João Alves das Neves

in jornal A TARDE, 
20/2/1999

O misticismo nacionalista de Fernando Pessoa, em duas reedições 
As clássicas e Ficções do Interlúdio recebem roupagem calcada nas publicações simples e criteriosas da portuguesa Assírio & Alvim, com coordenação e notas de Fernando Cabral Martins 
 

Por João Alves das Neves
 
 

Depois dos inúmeros lançamentos da Obra Poética e da Obra em Prosa pela Aguilar, que promoveu também edições separadas do ortônimo e dos heterônimos, começa a desenvolver-se o projeto da Companhia das Letras de apresentar dois volumes de Fernando Pessoa por ano.

Os primeiros foram já publicados: Mensagem e Ficções do Interlúdio, ambos coordenados pelo ensaísta Fernando Cabral Martins (da Universidade Nova de Lisboa), cujos prefácios e notas são bem documentados, ainda que se possa discordar de uma ou outra das suas interpretações. Mas, se assim não fosse – se fosse só para dizer “amém!” – que lugar teriam os críticos?

A nova edição brasileira segue as da Assírio & Alvim, de Lisboa, que são simples, porém criteriosas. Na verdade, o primeiro dos livros carece de poucos retoques, após os comentários de João Gaspar Simões, Jacinto do Prado Coelho, Adolfo Casais Monteiro, Jorge de Sena, Antônio Quadros e outros intérpretes e ensaístas portugueses ou do Brasil e de outros países. Mas, neste último lançamento, há que destacar as notas e os comentários de Cabral Martins, bem como a seleção que fez, ainda que dela se possa eventualmente discordar.

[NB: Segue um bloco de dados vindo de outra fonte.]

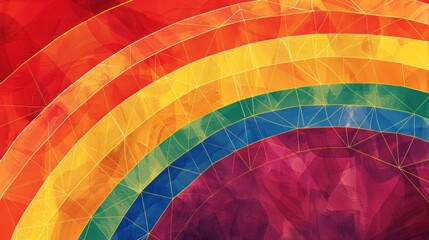 Obraz premium Abstract rainbow arc with geometric low-poly design.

Quanto à Mensagem, nada se acrescentaria, se não que é hoje o segundo livro nacional dos portugueses, já que o primeiro é Os Lusíadas, que resistiu e resistirá aos séculos. Ambos próximos, de resto, embora diferentes pela forma, mas não tão distantes do sentido. Obra tão significativa que, ao longo dos 44 poemas, Mensagem sintetiza não apenas a história de Portugal, mas a de outros países de língua portuguesa, visto que há figuras simbolicamente comunitárias, conforme ocorre com o extraordinário “imperador da língua portuguesa”, Padre Antônio Vieira. E as constantes referências ao espírito messiânico ajustam-se perfeitamente à vastidão de uma alargada comunidade, sobreposta à cor da pele e à religião (“Louco, sim, louco, porque quis grandeza”, escreve, pensando em d. Sebastião, o mito que passou de Portugal ao Brasil).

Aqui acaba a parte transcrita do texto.